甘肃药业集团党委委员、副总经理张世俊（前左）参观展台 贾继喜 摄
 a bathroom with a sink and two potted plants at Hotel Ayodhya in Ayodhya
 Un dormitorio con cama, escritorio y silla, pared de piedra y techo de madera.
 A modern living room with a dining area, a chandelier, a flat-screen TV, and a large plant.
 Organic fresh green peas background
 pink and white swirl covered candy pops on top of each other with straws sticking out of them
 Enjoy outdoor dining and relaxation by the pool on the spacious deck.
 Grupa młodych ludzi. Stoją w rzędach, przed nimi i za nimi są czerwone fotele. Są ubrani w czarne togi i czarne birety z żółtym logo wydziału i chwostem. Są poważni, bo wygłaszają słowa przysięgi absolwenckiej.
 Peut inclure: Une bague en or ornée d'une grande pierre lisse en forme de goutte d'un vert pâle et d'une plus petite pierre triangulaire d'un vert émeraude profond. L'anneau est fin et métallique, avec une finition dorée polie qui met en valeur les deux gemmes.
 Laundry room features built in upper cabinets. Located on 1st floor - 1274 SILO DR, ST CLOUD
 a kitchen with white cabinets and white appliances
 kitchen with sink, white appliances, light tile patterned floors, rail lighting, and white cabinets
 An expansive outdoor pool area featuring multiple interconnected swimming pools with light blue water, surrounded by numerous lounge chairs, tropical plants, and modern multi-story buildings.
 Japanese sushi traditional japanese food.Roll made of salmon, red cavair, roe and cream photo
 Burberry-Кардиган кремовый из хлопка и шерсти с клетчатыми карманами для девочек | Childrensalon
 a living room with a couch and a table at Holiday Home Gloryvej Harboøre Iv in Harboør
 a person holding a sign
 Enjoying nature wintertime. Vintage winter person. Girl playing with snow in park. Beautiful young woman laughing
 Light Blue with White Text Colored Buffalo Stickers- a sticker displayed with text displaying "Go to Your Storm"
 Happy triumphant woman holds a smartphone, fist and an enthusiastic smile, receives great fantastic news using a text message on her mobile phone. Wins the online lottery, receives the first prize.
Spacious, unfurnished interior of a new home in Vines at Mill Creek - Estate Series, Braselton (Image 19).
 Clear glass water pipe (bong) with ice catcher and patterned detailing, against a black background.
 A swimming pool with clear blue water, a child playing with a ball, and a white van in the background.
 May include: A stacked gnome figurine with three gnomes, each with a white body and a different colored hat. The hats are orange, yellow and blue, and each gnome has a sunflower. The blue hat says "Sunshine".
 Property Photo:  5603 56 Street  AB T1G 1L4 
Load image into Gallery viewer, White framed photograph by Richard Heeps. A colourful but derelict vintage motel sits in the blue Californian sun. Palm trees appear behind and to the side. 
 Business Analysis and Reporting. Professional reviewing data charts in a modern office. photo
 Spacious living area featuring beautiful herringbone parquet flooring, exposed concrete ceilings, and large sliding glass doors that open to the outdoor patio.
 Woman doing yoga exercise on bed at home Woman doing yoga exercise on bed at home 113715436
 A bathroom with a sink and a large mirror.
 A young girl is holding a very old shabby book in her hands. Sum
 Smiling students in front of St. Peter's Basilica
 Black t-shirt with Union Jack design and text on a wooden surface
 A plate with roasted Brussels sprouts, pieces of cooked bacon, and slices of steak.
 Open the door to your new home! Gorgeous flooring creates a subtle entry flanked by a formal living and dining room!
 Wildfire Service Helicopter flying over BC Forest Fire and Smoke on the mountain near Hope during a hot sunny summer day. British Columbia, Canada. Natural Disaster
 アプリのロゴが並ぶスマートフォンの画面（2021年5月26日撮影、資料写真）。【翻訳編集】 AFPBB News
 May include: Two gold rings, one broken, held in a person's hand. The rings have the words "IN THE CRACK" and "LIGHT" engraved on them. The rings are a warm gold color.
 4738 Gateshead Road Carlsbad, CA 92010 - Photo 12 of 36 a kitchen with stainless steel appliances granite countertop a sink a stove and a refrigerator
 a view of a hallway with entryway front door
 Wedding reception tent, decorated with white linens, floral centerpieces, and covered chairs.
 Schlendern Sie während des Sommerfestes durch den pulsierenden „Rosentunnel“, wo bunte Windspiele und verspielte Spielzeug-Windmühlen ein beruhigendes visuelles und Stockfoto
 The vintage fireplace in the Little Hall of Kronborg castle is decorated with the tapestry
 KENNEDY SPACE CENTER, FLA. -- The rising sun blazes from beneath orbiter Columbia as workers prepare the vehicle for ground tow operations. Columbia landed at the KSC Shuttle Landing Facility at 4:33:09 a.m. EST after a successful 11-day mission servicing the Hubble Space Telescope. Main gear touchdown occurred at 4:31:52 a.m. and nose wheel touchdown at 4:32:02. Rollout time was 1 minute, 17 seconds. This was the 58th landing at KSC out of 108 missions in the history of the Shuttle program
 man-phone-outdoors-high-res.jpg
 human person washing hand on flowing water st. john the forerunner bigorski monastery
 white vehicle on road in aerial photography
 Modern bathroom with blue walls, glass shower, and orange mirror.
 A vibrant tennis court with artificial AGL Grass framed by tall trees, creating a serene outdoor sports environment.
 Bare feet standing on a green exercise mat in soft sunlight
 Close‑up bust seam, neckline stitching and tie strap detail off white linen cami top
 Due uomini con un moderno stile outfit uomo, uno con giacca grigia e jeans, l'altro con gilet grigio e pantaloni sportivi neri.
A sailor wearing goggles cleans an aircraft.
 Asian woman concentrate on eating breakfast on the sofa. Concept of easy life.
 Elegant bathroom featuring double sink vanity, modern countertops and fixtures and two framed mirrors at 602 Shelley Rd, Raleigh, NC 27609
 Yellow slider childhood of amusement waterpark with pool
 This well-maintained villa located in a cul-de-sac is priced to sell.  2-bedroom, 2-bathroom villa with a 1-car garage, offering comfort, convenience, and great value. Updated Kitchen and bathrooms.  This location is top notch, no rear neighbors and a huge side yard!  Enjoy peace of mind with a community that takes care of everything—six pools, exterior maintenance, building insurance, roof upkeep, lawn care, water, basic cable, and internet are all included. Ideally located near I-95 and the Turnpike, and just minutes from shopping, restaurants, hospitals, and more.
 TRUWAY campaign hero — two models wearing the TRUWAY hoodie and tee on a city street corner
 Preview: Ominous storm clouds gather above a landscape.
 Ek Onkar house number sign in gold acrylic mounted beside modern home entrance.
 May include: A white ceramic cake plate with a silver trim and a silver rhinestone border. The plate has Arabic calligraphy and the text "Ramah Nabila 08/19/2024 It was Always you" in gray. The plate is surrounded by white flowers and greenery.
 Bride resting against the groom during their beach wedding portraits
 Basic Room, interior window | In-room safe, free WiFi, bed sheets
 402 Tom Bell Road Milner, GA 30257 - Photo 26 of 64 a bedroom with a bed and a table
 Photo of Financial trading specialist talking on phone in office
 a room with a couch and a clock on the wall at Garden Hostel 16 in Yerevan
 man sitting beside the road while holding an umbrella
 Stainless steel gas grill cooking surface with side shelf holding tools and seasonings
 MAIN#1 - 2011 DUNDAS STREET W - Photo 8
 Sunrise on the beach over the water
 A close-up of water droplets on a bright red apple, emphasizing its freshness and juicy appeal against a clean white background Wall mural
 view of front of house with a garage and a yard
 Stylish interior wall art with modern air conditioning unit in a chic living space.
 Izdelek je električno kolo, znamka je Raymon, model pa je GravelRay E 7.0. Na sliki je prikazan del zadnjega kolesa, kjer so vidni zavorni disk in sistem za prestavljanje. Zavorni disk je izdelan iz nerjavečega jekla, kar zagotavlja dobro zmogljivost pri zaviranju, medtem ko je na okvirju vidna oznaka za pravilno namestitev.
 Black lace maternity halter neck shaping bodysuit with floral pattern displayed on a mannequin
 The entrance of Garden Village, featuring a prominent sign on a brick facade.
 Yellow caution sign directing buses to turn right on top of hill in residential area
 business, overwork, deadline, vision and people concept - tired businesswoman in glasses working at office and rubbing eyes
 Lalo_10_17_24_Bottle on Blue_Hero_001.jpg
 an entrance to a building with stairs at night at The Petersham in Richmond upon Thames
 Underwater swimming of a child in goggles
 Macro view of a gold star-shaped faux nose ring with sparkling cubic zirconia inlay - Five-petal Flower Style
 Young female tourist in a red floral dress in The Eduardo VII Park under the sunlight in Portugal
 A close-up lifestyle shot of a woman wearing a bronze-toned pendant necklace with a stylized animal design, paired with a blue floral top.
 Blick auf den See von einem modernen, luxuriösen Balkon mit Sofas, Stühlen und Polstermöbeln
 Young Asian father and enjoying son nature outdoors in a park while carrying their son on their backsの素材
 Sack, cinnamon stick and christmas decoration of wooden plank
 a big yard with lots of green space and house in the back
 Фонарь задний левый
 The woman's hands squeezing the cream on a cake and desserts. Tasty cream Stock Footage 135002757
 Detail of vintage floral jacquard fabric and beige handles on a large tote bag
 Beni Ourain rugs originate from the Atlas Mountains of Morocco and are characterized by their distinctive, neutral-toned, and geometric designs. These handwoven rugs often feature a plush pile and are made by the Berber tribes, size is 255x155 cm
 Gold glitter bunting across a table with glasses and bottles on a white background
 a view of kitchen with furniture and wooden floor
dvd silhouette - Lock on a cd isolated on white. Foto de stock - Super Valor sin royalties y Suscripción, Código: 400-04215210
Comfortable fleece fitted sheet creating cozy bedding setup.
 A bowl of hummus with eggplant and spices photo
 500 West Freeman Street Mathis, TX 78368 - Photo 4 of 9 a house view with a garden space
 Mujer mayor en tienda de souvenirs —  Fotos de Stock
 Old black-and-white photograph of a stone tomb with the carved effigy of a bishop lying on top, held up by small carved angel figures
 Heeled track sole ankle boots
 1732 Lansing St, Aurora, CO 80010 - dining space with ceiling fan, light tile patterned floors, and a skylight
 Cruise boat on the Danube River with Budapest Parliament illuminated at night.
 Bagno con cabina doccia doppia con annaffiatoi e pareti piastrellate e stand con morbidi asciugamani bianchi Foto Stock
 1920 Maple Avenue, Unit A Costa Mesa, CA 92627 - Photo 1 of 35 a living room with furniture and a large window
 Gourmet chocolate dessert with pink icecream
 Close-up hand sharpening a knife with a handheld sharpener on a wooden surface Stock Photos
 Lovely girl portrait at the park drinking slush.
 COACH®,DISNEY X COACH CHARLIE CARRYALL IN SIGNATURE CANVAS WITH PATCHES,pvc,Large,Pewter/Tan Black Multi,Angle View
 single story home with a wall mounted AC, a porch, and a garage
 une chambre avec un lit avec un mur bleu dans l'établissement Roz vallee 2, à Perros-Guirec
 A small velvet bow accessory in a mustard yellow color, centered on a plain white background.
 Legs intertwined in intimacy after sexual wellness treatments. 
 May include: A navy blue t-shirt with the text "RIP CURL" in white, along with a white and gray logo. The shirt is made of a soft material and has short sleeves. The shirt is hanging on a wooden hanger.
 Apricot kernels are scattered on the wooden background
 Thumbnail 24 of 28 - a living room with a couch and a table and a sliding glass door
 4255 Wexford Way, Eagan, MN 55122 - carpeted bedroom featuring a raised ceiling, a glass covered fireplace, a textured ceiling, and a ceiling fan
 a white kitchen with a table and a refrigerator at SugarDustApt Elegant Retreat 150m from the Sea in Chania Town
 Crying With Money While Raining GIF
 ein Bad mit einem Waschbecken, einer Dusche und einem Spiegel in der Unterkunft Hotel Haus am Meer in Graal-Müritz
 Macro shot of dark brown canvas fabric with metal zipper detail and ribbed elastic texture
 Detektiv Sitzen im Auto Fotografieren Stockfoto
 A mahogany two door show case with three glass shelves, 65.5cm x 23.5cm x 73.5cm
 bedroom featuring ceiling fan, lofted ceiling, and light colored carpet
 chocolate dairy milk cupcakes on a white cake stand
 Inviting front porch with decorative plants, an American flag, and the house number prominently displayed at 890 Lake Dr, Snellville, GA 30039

What is expected:
Reproducing the whole listing above is not the task. Copy exactly only the lines from the one with "A bowl of hummus" to the one with "Old black-and-white photograph", both kept.

Output:
 A bowl of hummus with eggplant and spices photo
 500 West Freeman Street Mathis, TX 78368 - Photo 4 of 9 a house view with a garden space
 Mujer mayor en tienda de souvenirs —  Fotos de Stock
 Old black-and-white photograph of a stone tomb with the carved effigy of a bishop lying on top, held up by small carved angel figures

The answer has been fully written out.